When you flash a firmware that copies the Vendor ID (VID) and Device ID (DID) of a legitimate device, you are essentially putting on a mask.

• The OS sees: “Intel WiFi Card.”
• The Anti-Cheat sees: “Intel WiFi Card.”

So far, so good. But what happens next is the problem.

1. The Driver Binding Problem

If you pretend to be a WiFi card, Windows will helpfully load the actual Netwtw10.sys (Intel WiFi Driver) for your device.

• The Crash: The real driver will attempt to send initialization commands to your FPGA. Since your FPGA is just a dumb memory reader and not a complex radio frequency transceiver, it won’t reply correctly.
• The Error Code: The driver fails to start (Code 10 or Code 43 in Device Manager).
• The Flag: Anti-cheats monitor for devices that claim to be standard hardware but are failing to start their drivers. A “broken” WiFi card is suspicious.

2. The BAR Sizing Mismatch

Real devices have complex memory requirements (BARs - Base Address Registers) mapped in specific ways.

• FPGA Limitations: Many cheat firmware implementations use standard 4KB or 1MB BARs because it’s easy.
• The Check: If you claim to be an NVIDIA GPU but you only request 4KB of memory, the math doesn’t check out. It’s an immediate red flag.

3. Capability Structs and DSN

PCIe devices verify their identity through more than just IDs. They have “Capability Linked Lists” and “Device Serial Numbers” (DSN).

• Lazy Cloning: Cheap firmware providers often copy the IDs but leave the Capability List as default Xilinx.
• Result: It’s like a person wearing a police uniform but carrying a water gun. The discrepancy reveals the fraud.

The “Shadow Device” Solution (and its limits)

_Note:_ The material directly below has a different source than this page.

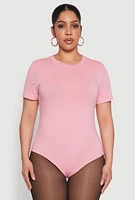 Womens Plus Size Short Sleeve Bodysuit, Pink, Size 1X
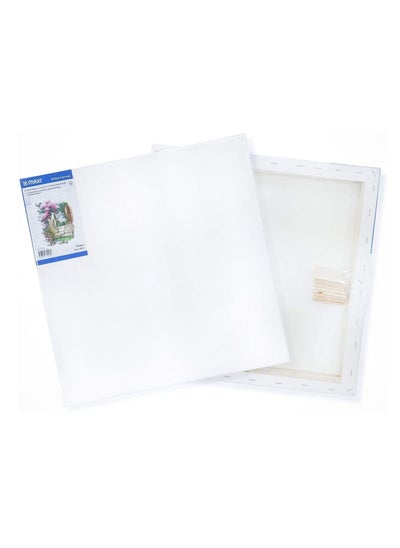 Buy 1-Piece Stretched Painting Canvas Board 40x40cm Size White in UAE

To fix the driver problem, some advanced firmware developers use a technique called “Shadowing” or “Passthrough.” They disable the legitimate device on the motherboard but keep it physically powered, then make the FPGA mimic its responses.

However, modern anti-cheats (like Vanguard) perform Integrity Checks:

1. Memory Writes: They write a random value to a specific register on the “WiFi Card” and expect it to persist or behave in a known way. An FPGA mimicking a device simply ignores this or responds statically.
2. Timing Analysis: The response time of an FPGA over a PCIe riser is microscopically different from a PCH-integrated device.

Conclusion

There is no such thing as a passive “Whitelist.” You cannot simply “be” a legitimate device; you must act like one, responding to driver interrupts, managing power states, and handling proprietary commands.

Unless you are simulating the full silicon logic of an Intel Network Controller (which is impossibly complex for a simple cheat firmware), “Whitelist Spoofing” is just a game of probability—hoping the anti-cheat doesn’t check too deep today.